International Accounting Standards(IAS) define financial instruments as “any contract that gives rise to a financial asset of one entity and a financial liability or equity instrument of another entity.”

Types of Financial Instruments

Financial instruments may be divided into two types: cash instruments and derivative instruments.

Cash Instruments

  • The values of cash instruments are directly influenced and determined by the markets. These can be securities that are easily transferable. Stocks and bonds are common examples of such instruments.
  • Cash instruments may also be deposits and loans agreed upon by borrowers and lenders. Checks are an example of a cash instrument because they transmit payment from one bank account to another.

Derivative Instruments

  • The value and characteristics of derivative instruments are based on the vehicle’s underlying components, such as assets, interest rates, or indices.
  • An equity options contract—such as a call option on a particular stock, for example—is a derivative because it derives its value from the underlying shares. The call option gives the right, but not the obligation, to buy shares of the stock at a specified price and by a certain date.
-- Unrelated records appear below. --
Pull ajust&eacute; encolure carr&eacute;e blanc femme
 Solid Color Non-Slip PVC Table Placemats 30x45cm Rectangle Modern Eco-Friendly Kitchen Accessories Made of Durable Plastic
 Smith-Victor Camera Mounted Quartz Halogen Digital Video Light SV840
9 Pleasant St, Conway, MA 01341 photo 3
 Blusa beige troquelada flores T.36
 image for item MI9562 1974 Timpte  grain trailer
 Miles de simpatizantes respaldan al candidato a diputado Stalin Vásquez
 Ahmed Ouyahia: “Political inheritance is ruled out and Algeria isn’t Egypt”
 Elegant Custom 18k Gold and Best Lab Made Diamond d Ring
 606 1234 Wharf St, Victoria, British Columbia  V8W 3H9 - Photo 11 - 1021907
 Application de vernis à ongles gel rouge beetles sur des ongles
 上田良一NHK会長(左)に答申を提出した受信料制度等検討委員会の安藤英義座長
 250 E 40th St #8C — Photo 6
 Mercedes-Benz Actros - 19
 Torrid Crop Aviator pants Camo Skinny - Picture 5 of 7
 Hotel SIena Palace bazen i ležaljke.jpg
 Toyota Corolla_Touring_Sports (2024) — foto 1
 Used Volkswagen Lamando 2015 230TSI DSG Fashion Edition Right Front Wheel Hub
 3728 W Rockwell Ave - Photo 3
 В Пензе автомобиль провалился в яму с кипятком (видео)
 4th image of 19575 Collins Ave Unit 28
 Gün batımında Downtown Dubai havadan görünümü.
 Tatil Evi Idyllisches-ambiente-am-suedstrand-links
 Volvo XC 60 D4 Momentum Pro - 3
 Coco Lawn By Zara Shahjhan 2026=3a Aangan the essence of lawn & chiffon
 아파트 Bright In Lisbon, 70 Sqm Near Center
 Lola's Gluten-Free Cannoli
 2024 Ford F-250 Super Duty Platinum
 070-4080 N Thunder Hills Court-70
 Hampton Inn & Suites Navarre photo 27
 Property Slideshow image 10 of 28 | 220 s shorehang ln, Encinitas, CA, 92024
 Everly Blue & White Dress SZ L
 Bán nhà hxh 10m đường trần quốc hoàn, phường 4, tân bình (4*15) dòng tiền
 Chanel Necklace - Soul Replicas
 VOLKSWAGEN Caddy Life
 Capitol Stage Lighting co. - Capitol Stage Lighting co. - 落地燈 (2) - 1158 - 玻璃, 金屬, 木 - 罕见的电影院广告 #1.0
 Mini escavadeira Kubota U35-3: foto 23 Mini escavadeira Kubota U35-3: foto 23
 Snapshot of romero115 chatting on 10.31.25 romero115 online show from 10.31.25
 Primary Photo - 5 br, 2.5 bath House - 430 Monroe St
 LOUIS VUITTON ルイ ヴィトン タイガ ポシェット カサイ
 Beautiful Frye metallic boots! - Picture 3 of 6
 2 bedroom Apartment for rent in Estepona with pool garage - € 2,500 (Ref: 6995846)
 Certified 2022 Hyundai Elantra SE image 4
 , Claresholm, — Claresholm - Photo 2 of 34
As the price of the underlying stock rises and falls, so does the value of the option, although not necessarily by the same percentage.
  • There can be over-the-counter (OTC) derivatives or exchange-traded derivatives. OTC is a market or process whereby securities—which are not listed on formal exchanges—are priced and traded.

Types of Asset Classes of Financial Instruments

Financial instruments may also be divided according to an asset class, which depends on whether they are debt-based or equity-based.

Debt-Based Financial Instruments

Debt-based instruments are essentially loans made by an investor to the owner of the asset. Short-term debt-based financial instruments last for one year or less. Securities of this kind come in the form of Treasury bills (T-bills) and commercial paper. Bank deposits and certificates of deposit (CDs) are also technically debt-based instruments that credit depositors with interest payments.

Exchange-traded derivatives exist for short-term, debt-based financial instruments, such as short-dated interest rate futures. OTC derivatives also exist, such as forward rate agreements (FRAs).

Long-term debt-based financial instruments last for more than a year. Long-term debt securities are typically issued as bonds or mortgage-backed securities (MBS). Exchange-traded derivatives on these instruments are traded in the form of fixed-income futures and options. OTC derivatives on long-term debts include interest rate swaps, interest rate caps and floors, and long-dated interest rate options.

Equity-Based Financial Instruments

Equity-based instruments represent ownership of an asset. Securities that trade under the banner of equity-based financial instruments are most often stocks, which can be either common stock or preferred shares. ETFs and mutual funds may also be equity-based instruments.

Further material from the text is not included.